*INPUT DATA*:
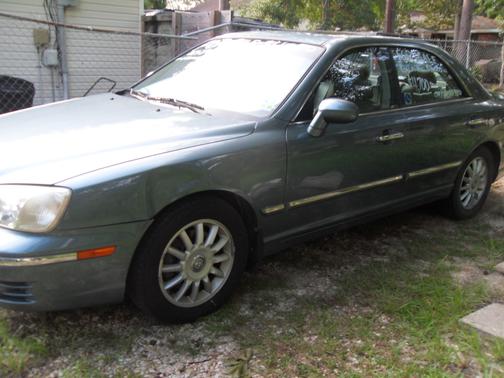 2005 Hyundai XG350 L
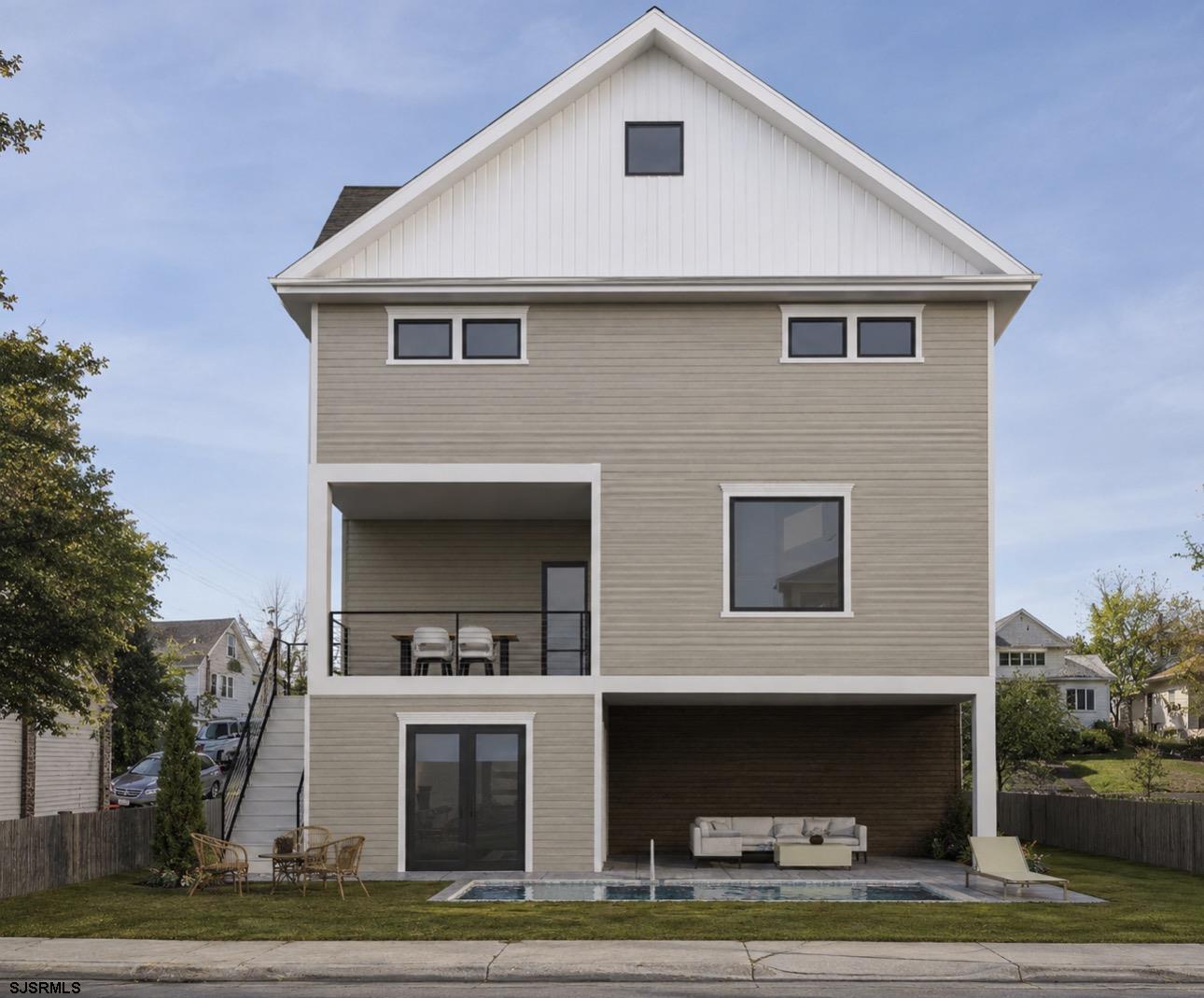 7504 Fremont Ave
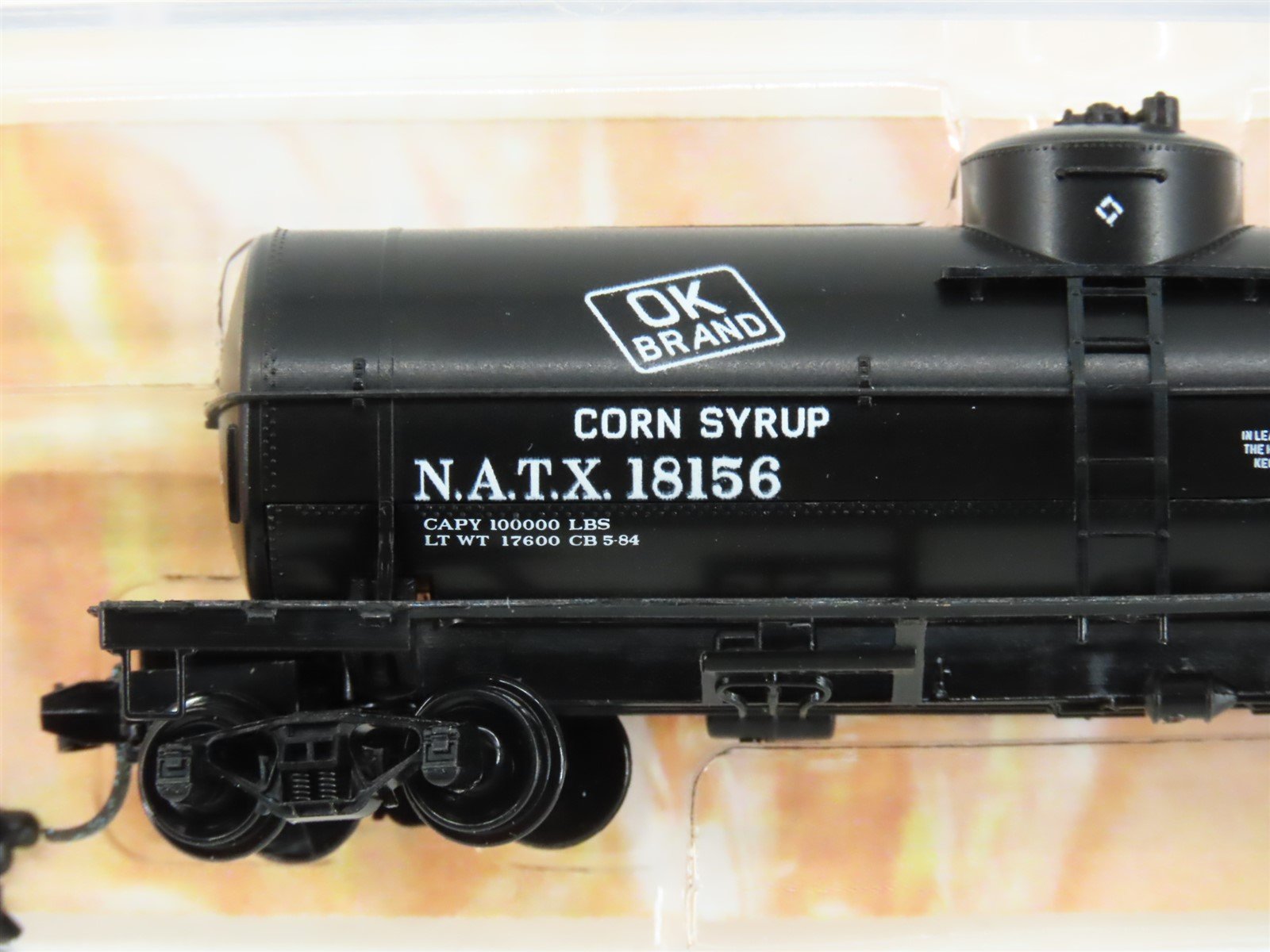 N Micro-Trains MTL 06500146 NATX Hubinger Co 39' Single Dome Tank Car #18156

*WHAT THE TASK REQUIRES*: Exclude all images and return the listing word for word.

*TASK RESPONSE*:
 2005 Hyundai XG350 L
 7504 Fremont Ave
 N Micro-Trains MTL 06500146 NATX Hubinger Co 39' Single Dome Tank Car #18156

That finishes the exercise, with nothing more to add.